L’usage du téléphone au volant, bien que réprimandé par la loi, est une des principales causes de distraction des conducteurs. Malgré toutes les campagnes de sensibilisation, il se banalise : selon les chiffres de la sécurité routière, environ 69% des Français reconnaissent utiliser leur smartphone au volant. Des chercheurs de l’Université de l’Alberta testent une solution d’IA de la société Acusensus pour mesurer l’ampleur du problème de la distraction au volant au Canada et vérifier si cette technologie est un système de détection fiable pour les autorités.
Créée en 2018 par Alexander Jannink, basée à Melbourne, l’entreprise technologique Acusensus s’est donnée pour mission d’améliorer la sécurité routière en fournissant des solutions intelligentes pour susciter un changement de comportement sur les routes.
Sa solution « Heads-Up », développée pour donner aux autorités un outil efficace pour lutter contre la distraction au volant, a remporté l’Intertraffic Inspiration Award 2022.
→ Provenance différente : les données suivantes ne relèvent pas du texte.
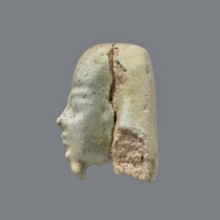 Fragment of a shabti. Head of a shabti figurine with carefully rendered facial features; smooth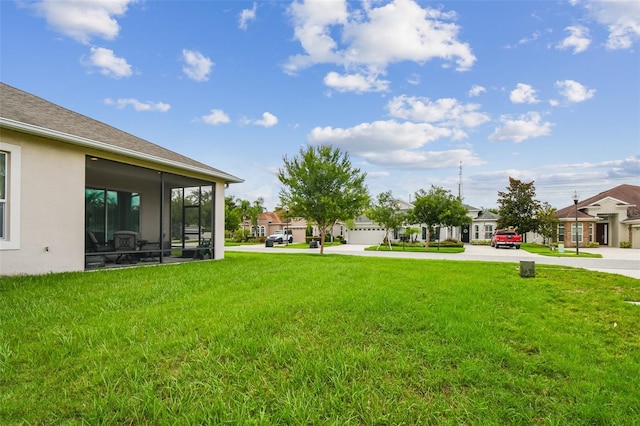 20820 Amanda Oak Ct, Land O Lakes, FL 34638 - view of green lawn with a residential view and a sunroom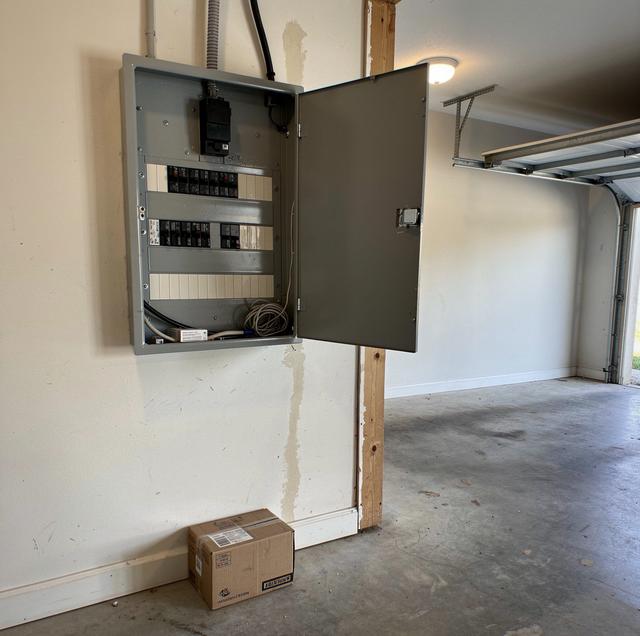 Electric vehicle charger installed beside residential electrical panel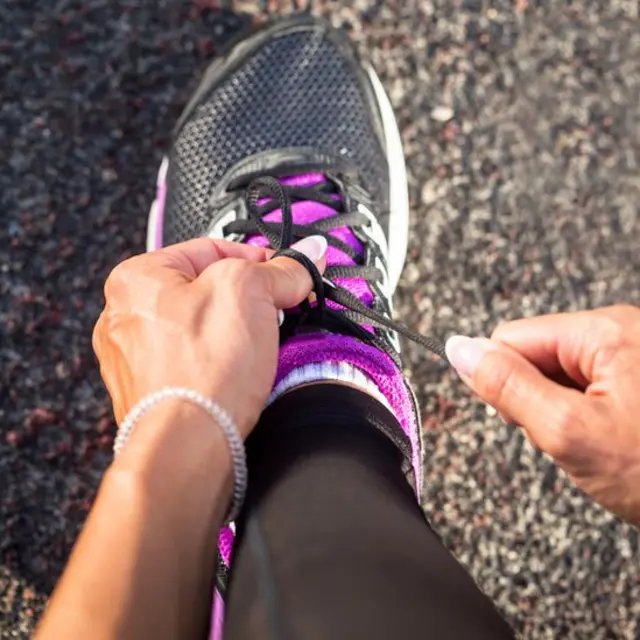 Mujer atándose los zapatos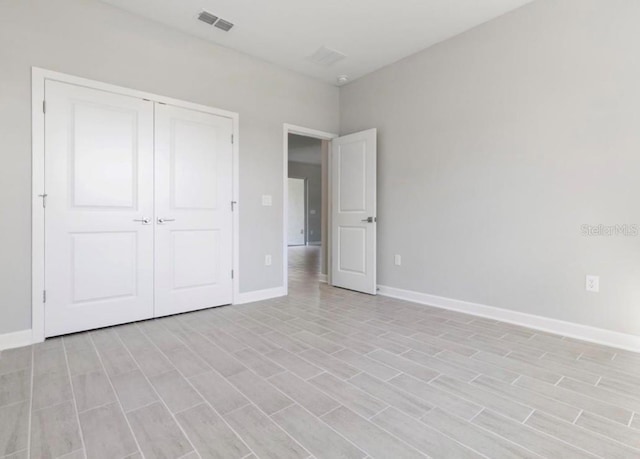 unfurnished bedroom with a closet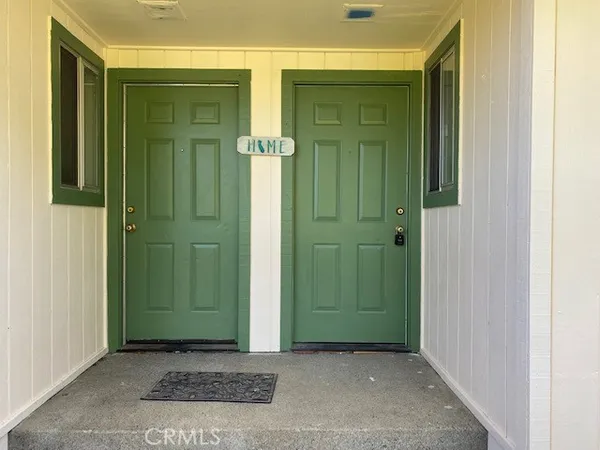 an empty room with mirror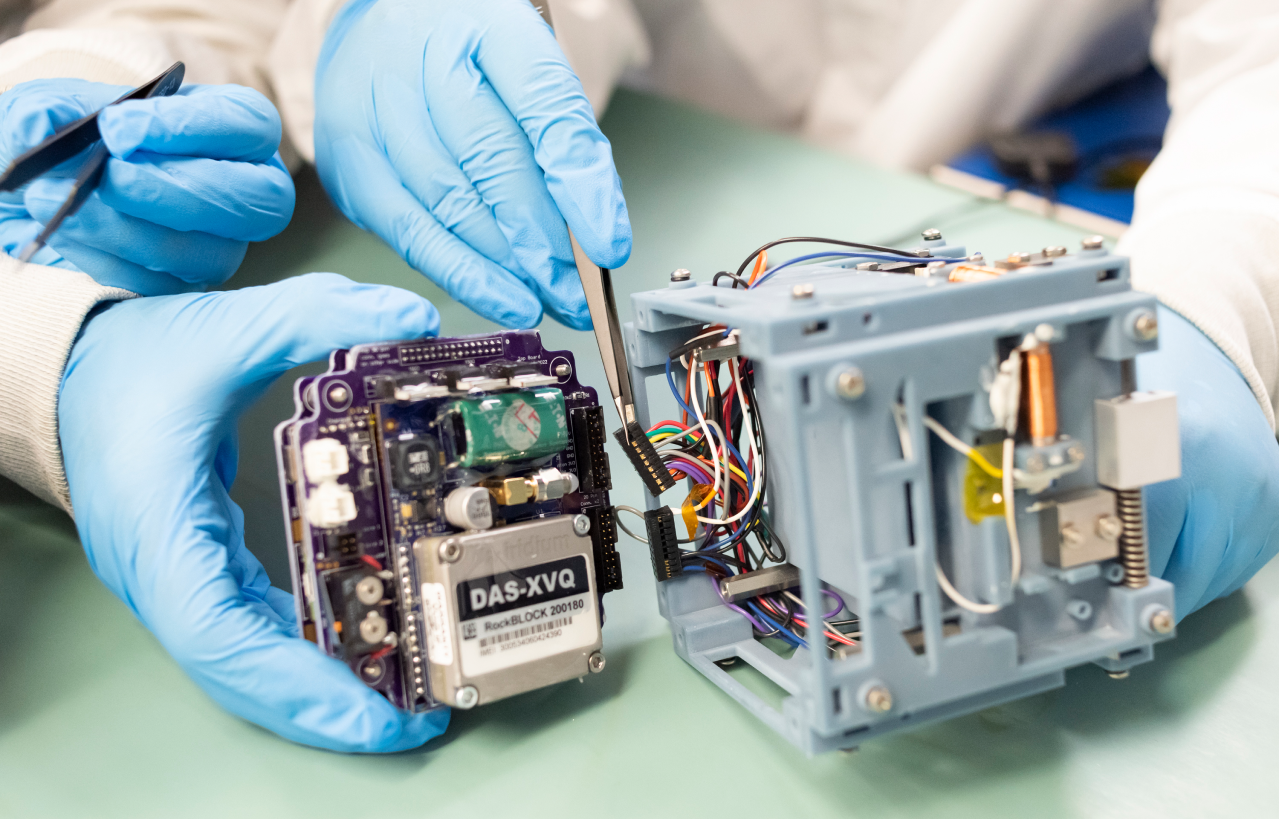 Action shot of the electronics stack being integrated into the CubeSat. The RockBLOCK is the shiny metal box at left; one of the copper magnetorquers can be seen on the CubeSat’s right side.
Cette technologie peut être fournie sous la forme de caméras de surveillance fixes, de caméras mobiles montées sur remorque ou sur véhicule. Elle comprend un radar 3D haute définition qui mesure la vitesse, la portée et l’angle de toutes les cibles sur plusieurs voies. Les données peuvent d’ailleurs être utilisées pour fournir des informations sur les modèles de trafic et de vitesse, les données personnelles des conducteurs sont quant à elles protégées.
Lorsque l’IA, après avoir détecté automatiquement le conducteur, détermine la probabilité d’utilisation du téléphone, elle génère un fichier d’incident potentiel crypté et signé numériquement qui reste sur le système de caméra lui-même et exporte une image cryptée et signée numériquement du comportement incriminé au système de pré-arbitrage.
Pour les opérations en temps réel, les images des conducteurs fautifs peuvent être envoyées à un véhicule d’interception en attente en quelques secondes.
La société a lancé un programme combinant détection de téléphones mobiles et de ceintures de sécurité dans le Queensland en 2021, avec une baisse de 10% des décès au cours des six premiers mois, et un programme associant détection de vitesse, de téléphone mobile et de ceinture de sécurité dans l’État de Washington. Après la Nouvelle-Galles du Sud, où plus de 95 000 infractions pour utilisation illégale du téléphone ont été détectées en 90 jours, l’Australie et le Royaume-Uni, entre autres, c’est au tour de l’Alberta, au Canada, d’expérimenter la solution pour détecter l’utilisation des smartphones au volant.
Le projet pilote au Canada
L’Université d’Alberta se trouve à Edmonton, les caméras fixes d’Acusensus vont être déployées à différents endroits de la ville durant trois semaines avant d’être installées à Montréal, au Québec.
Le but de la recherche est de déterminer à quel point l’IA est en mesure de détecter les conducteurs qui utilisent leur téléphone cellulaire alors qu’ils sont au volant, selon Karim El-Basyouny, Professeur au département d’ingénierie civil et environnemental et titulaire de la Chaire de recherche en sécurité routière urbaine de la Ville d’Edmonton, à l’Université de l’Alberta.
le Dr El-Basyouny est un expert des questions de prévention des accidents de la route, de modélisation des accidents et d’analyse des interventions de sécurité. Il a été le chercheur principal de l’évaluation du projet pilote de réduction des limites de vitesse résidentielles à Edmonton, ainsi que de plusieurs autres projets de recherche et d’évaluation en Alberta et en Colombie-Britannique.
Mesurer l’ampleur de l’usage du téléphone au volant
Selon Karim El-Basyouny, au Canada, la moyenne des personnes qui utilisent leur téléphone tout en conduisant est de 7 % et en Alberta, cette moyenne serait de 5,3 %. Il rappelle toutefois que ces chiffres proviennent uniquement des contraventions données par les policiers aux contrevenants, ils ne correspondent donc pas à la réalité.
Ces infractions au Code de la route pour distraction au volant sont relevées par des policiers qui cherchent à voir si le conducteur utilise un téléphone à travers le pare-brise d’une voiture ou en conduisant près d’un véhicule.
« Ça nécessite beaucoup de travail, beaucoup de regards furtifs, dans des conditions difficiles. C’est la seule solution viable actuellement et ce n’est pas idéal. […] Le but [de cette étude] est d’essayer de comprendre l’ampleur réelle du problème. »
Les automobilistes albertains peuvent recevoir une amende de 287 $ pour distraction au volant et trois points d’inaptitude. Mais dans le cadre de ce projet-pilote, aucune contravention ne sera donnée.
Ce projet pilote est financé par l’Université de l’Alberta et le Service de police de la ville d’Edmonton. Le rapport final sera dévoilé en octobre 2023.